There were stumbles, heartbreak, elation and plenty of cancellations, but Broadway made it through its first full post-shutdown season and on Monday announced the Tony Award nominations to prove it.
Michael R. Jackson’s Pulitzer Prize-winning musical, “A Strange Loop,” about a gay Black man struggling to write an original musical, came out on top with 11 nominations, including best musical, book, original score, performance by an actor in a leading role and direction of a musical.
“The Lehman Trilogy,” about the epic rise and fall of one of the country’s largest financial institutions, led the pack for plays, with eight nominations including best play. The revival of a musical is led by “Company,” which scored nine nominations and is the first gender-reversed version of the show to be licensed by Stephen Sondheim.
The nominations were unveiled Monday morning by actors Adrienne Warren and Joshua Henry on the Tony Awards YouTube page. The 75th ceremony, to be hosted by Ariana DeBose on June 12 at Radio City Music Hall, will mark a return to the traditional style of the awards ceremony after two years of loss for the beloved Broadway tradition. The 2020 awards were indefinitely postponed in the wake of the March 2020 shutdown, and the ceremony for the abridged 2019-2020 season took place last September in an odd format that didn’t center the awards but rather relied on a return-to-Broadway celebration.

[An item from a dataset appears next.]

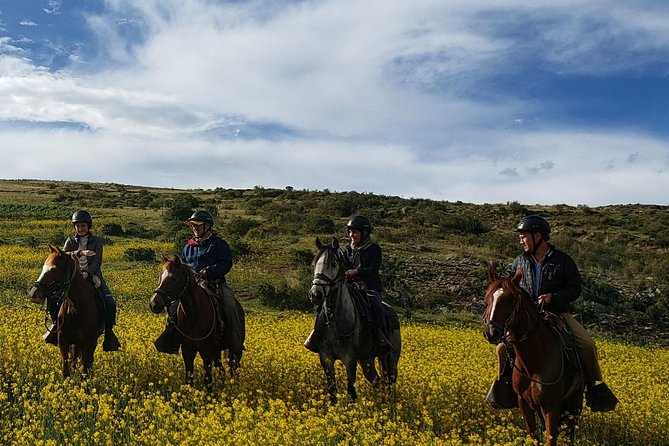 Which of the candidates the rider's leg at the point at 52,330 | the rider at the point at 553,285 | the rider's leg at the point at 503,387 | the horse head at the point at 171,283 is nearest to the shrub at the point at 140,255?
the rider's leg at the point at 52,330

Joining “A Strange Loop” in the best musical category are “Girl From the North Country,” which features the music of Bob Dylan and limns the lives of wanderers in Depression-era Minnesota; the Michael Jackson jukebox musical, “M;;” the Billy Crystal comedy vehicle “Mr. Saturday Night,” about a TV star who gets a shot at a show 40 years after his heyday; “Paradise Square,” about the lives of Black and Irish immigrants in a Lower Manhattan neighborhood in 1863; and “Six: The Musical,” a pop-driven story about the wives of Henry VIII.
“A Strange Loop,” which has received much critical praise, is the show to beat. Times theater critic Charles McNulty wrote in his review that the musical has liberated Broadway: “I sat with my mouth agape, astonished and grateful that something so brutally honest and rigorously constructed had finally broken through to a Broadway stage.”
In addition to “The Lehman Trilogy,” the best play nominees are “Clyde’s,” by Lynn Nottage, about a group of formerly incarcerated workers at a truck-stop cafe; Martin McDonagh’s “Hangmen,” about a former hangman who works in a pub in England in 1965, a year after death by hanging was outlawed; “The Minutes,” a comedic mystery by Tracy Letts that takes place during a city council meeting for the small town of Big Cherry; and Dominique Morisseau’s “Skeleton Crew,” about the struggles of Detroit auto workers during the 2008 Great Recession.
The other nominees for musical revival are “Caroline, or Change” and “The Music Man.”
Contending for the revival of a play Tony are “American Buffalo,” “for colored girls who have considered suicide/when the rainbow is enuf,” “How I Learned to Drive,” “Take Me Out” and “Trouble in Mind.”
Notable actors who received nominations include Patti LuPone, Uzo Aduba, Phylicia Rashad, Hugh Jackman, Rachel Dratch, Ruth Negga, Billy Crystal, Sam Rockwell and Mary Louise-Parker. Husband-and-wife team Sarah Jessica Parker and Matthew Broderick did not make the cut for their work in “Plaza Suite,” which nabbed one nomination, for costume design.